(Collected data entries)
━━━━

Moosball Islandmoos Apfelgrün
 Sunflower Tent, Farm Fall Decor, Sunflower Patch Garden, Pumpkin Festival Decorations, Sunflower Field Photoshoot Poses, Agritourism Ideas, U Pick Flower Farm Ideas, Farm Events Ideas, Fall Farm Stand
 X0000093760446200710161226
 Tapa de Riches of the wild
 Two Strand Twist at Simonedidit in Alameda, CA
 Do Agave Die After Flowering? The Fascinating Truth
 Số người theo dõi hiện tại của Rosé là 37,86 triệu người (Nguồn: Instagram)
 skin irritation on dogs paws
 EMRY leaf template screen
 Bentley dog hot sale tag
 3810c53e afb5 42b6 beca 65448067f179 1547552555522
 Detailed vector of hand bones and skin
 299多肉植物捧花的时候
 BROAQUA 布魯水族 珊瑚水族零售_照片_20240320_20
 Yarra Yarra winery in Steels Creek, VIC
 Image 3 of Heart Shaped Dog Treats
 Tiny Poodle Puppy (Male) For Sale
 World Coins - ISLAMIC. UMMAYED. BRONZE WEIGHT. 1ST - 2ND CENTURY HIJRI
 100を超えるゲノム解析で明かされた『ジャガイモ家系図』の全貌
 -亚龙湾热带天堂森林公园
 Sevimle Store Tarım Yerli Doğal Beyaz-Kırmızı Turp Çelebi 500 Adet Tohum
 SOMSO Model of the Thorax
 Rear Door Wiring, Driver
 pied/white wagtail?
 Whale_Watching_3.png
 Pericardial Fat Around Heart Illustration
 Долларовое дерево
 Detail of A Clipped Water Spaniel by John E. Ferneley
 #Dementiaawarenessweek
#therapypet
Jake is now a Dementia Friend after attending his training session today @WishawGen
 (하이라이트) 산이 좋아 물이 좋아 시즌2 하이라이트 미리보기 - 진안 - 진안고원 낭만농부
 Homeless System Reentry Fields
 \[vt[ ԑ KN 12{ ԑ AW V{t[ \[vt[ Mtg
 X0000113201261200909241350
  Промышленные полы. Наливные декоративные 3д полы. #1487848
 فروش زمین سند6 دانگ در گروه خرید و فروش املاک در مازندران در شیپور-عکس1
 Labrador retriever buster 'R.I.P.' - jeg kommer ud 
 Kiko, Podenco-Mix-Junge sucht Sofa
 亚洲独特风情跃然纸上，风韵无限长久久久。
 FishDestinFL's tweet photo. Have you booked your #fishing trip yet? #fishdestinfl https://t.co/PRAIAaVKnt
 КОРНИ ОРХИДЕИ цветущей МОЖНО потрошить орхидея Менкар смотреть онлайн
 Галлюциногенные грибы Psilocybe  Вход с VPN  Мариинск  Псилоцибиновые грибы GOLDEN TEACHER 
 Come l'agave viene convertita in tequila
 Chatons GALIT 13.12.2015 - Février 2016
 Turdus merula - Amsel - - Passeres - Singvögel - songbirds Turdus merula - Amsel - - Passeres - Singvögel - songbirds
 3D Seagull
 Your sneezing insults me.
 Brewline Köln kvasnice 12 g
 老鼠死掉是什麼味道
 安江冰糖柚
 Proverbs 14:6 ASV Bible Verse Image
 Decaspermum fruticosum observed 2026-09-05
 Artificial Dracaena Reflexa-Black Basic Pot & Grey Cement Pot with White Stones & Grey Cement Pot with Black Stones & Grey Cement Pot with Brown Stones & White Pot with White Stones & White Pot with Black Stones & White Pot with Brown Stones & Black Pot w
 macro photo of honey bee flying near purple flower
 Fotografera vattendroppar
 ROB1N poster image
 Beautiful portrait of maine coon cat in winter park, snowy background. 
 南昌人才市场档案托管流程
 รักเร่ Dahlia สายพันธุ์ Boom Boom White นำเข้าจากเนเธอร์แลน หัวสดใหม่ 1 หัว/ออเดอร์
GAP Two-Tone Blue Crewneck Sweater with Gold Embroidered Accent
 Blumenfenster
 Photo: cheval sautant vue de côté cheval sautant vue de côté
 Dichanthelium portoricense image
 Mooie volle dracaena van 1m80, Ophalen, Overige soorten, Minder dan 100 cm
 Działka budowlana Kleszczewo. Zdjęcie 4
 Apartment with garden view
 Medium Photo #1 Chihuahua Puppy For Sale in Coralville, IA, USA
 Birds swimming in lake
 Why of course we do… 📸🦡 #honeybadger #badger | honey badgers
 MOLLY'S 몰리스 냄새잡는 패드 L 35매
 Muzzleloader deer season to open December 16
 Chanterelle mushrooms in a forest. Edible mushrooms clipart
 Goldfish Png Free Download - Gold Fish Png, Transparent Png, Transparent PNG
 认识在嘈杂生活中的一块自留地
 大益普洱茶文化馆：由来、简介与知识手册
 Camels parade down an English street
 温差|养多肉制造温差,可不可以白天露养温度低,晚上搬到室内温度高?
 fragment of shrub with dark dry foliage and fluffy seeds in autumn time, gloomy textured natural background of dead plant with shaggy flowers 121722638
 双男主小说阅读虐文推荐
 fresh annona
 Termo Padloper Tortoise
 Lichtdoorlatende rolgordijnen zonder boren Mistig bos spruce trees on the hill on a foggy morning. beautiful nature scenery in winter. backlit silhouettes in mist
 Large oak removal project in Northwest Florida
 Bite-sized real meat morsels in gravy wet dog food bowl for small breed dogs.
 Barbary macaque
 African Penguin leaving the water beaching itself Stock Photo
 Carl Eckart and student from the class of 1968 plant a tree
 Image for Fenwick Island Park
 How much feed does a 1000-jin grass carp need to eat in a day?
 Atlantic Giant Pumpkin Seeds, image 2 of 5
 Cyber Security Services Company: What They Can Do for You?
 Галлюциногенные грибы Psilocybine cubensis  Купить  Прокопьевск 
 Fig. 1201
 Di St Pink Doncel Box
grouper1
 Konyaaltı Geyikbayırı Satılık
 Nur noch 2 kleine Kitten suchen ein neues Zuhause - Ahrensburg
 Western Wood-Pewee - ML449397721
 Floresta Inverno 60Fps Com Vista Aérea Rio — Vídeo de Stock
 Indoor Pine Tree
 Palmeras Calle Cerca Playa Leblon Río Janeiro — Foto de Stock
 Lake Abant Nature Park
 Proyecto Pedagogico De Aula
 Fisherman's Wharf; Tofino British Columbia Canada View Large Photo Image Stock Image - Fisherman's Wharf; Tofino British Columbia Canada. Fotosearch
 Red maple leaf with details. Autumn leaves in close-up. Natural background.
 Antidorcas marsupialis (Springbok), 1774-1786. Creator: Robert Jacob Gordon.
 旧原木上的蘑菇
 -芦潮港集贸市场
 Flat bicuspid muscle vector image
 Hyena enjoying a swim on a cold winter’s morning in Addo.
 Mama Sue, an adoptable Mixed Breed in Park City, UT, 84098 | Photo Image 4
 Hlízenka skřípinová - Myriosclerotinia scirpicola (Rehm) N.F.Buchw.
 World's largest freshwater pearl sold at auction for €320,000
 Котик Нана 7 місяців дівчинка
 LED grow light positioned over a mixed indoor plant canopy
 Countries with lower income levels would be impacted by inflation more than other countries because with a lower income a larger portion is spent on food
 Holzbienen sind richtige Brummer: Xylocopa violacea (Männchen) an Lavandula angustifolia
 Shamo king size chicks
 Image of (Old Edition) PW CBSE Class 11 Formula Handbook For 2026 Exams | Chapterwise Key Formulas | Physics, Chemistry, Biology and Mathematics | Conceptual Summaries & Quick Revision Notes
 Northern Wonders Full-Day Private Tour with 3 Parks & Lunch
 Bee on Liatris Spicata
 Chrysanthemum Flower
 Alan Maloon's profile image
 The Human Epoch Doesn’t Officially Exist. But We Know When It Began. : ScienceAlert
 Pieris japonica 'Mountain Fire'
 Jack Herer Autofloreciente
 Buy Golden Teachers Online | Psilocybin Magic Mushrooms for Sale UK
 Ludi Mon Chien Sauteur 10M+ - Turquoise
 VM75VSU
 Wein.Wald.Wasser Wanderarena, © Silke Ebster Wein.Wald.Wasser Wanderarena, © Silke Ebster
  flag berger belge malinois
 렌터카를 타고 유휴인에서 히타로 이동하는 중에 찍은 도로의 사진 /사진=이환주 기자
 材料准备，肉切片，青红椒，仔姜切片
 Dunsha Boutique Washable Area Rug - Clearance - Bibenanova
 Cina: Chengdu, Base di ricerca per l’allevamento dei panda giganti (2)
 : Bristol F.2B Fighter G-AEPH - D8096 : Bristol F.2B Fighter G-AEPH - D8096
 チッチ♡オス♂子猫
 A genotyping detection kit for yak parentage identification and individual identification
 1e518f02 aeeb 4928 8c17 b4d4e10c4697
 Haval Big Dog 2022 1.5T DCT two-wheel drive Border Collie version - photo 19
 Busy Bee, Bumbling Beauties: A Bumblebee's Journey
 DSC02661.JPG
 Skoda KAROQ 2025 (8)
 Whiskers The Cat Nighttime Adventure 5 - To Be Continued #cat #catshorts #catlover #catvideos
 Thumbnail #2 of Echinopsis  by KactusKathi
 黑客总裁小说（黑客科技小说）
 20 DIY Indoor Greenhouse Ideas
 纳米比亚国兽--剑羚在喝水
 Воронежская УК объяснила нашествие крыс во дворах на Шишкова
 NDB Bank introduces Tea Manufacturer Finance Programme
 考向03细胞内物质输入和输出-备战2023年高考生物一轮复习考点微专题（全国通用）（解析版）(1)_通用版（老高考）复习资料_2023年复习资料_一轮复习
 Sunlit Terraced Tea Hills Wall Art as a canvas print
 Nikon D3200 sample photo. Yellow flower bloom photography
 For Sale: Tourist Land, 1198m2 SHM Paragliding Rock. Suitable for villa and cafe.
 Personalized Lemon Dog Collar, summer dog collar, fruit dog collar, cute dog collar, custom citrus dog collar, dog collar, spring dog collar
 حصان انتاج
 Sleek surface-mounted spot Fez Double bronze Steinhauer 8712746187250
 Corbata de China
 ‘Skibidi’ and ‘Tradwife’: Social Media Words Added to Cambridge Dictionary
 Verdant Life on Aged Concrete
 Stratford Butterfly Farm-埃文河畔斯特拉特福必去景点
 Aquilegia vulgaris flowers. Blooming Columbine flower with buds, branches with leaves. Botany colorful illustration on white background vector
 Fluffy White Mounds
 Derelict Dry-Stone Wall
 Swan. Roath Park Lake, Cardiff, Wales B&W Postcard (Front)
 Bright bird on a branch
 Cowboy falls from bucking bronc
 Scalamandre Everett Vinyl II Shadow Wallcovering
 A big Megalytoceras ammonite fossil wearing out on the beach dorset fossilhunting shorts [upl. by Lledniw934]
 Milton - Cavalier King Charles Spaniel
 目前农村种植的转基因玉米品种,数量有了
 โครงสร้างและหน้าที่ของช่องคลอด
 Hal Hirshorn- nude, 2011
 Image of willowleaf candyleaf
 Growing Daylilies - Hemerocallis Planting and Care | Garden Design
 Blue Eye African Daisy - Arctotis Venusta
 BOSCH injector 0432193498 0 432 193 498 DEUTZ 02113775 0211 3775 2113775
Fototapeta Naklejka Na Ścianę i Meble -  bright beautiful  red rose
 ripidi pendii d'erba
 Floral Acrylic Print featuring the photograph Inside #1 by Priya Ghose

━━━━

Work item:
Using the data above, print exactly the lines from the line that contains "Воронежская УК объяснила" through the line that contains "Hal Hirshorn- nude, 2011", with both included.

Result:
 Воронежская УК объяснила нашествие крыс во дворах на Шишкова
 NDB Bank introduces Tea Manufacturer Finance Programme
 考向03细胞内物质输入和输出-备战2023年高考生物一轮复习考点微专题（全国通用）（解析版）(1)_通用版（老高考）复习资料_2023年复习资料_一轮复习
 Sunlit Terraced Tea Hills Wall Art as a canvas print
 Nikon D3200 sample photo. Yellow flower bloom photography
 For Sale: Tourist Land, 1198m2 SHM Paragliding Rock. Suitable for villa and cafe.
 Personalized Lemon Dog Collar, summer dog collar, fruit dog collar, cute dog collar, custom citrus dog collar, dog collar, spring dog collar
 حصان انتاج
 Sleek surface-mounted spot Fez Double bronze Steinhauer 8712746187250
 Corbata de China
 ‘Skibidi’ and ‘Tradwife’: Social Media Words Added to Cambridge Dictionary
 Verdant Life on Aged Concrete
 Stratford Butterfly Farm-埃文河畔斯特拉特福必去景点
 Aquilegia vulgaris flowers. Blooming Columbine flower with buds, branches with leaves. Botany colorful illustration on white background vector
 Fluffy White Mounds
 Derelict Dry-Stone Wall
 Swan. Roath Park Lake, Cardiff, Wales B&W Postcard (Front)
 Bright bird on a branch
 Cowboy falls from bucking bronc
 Scalamandre Everett Vinyl II Shadow Wallcovering
 A big Megalytoceras ammonite fossil wearing out on the beach dorset fossilhunting shorts [upl. by Lledniw934]
 Milton - Cavalier King Charles Spaniel
 目前农村种植的转基因玉米品种,数量有了
 โครงสร้างและหน้าที่ของช่องคลอด
 Hal Hirshorn- nude, 2011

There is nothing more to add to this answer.